The Nato secretary general, Jens Stoltenberg, suggested on Monday the objects were part of a “pattern” of surveillance of the US and its allies by China and Russia, and an American air force commander said the US military had spotted Chinese spy balloons in the Middle East in “the recent past”.
Canada’s prime minister, Justin Trudeau, echoed those comments, saying: “I think obviously there is some sort of pattern in there. The fact that we are seeing this in a significant degree over the past week is a cause for interest and close attention.
Trudeau said that Canadian authorities had deployed “significant resources” to attempt to recover the object shot down over Lake Huron.
The Florida Republican Marco Rubio, vice-chairperson of the US Senate intelligence committee, claimed that unidentified aircraft had operated “routinely” over restricted American airspace for years.
“This is why I pushed to take this seriously & created a permanent [unidentified aerial phenomenon] taskforce two years ago,” he said in a tweet.
In a press briefing on Sunday, a senior air force officer said he could not eliminate the possibility of extraterrestrial activity. “I’ll let the intel community and the counterintelligence community figure that out. I haven’t ruled out anything at this point,” Gen Glen VanHerck, head of North American airspace defense command (Norad), said.
But at the briefing on Monday the White House press secretary, Karine Jean-Pierre, said that the objects did not come from outside Earth. “There is no indication of aliens or extraterrestrial activity with these recent takedowns. I wanted to make sure that the American people knew that,” Jean-Pierre said.

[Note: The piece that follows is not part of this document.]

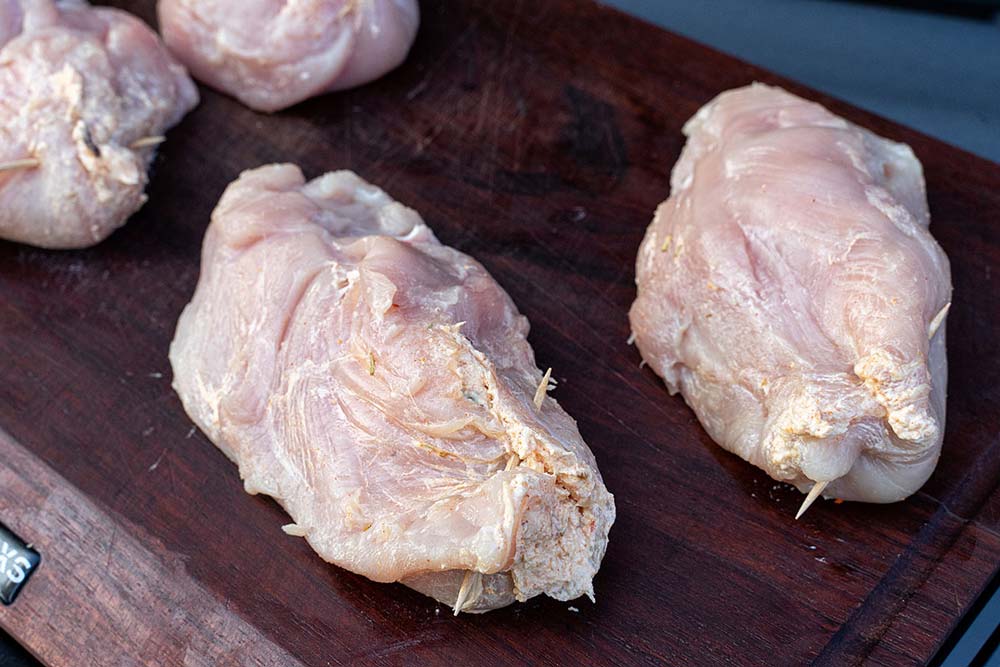 Die Füllung geben wir nun in die zuvor geschnittenen Tasche in den Hähnchenbrüsten. Die Öffnung verschließen wir mit einem Zahnstocher oder einer Rouladennadel.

Melissa Dalton, assistant secretary of defense, echoed VanHerck, saying: “We have been more closely scrutinizing our airspace at these altitudes, including enhancing our radar, which may at least partly explain the increase in objects that we’ve detected over the past week.”
Stoltenberg told reporters on Monday in Brussels that he suspected the incidents were part of an ongoing strategy of spying by Nato’s rivals.
“What we saw over the US is part of a pattern where China and also Russia are increasing surveillance activities on Nato allies,” he said, urging member nations to maintain vigilance.
Lt Gen Alexus Grynkewich, commander of US air forces central, appeared to back up Stoltenberg’s assessment, telling reporters on Monday that Chinese spy balloons were spotted transiting the Middle East in the recent past, according to foreignpolicy.com.
Meanwhile, Biden’s secretary of state, Antony Blinken, is reportedly weighing a meeting with his counterpart in China’s government, Wang Yi, at a three-day security conference in Munich scheduled to begin 17 February, according to Bloomberg. Blinken had postponed what would be the first visit to Beijing by a senior US diplomat since 2018 in response to the Chinese balloon’s intrusion.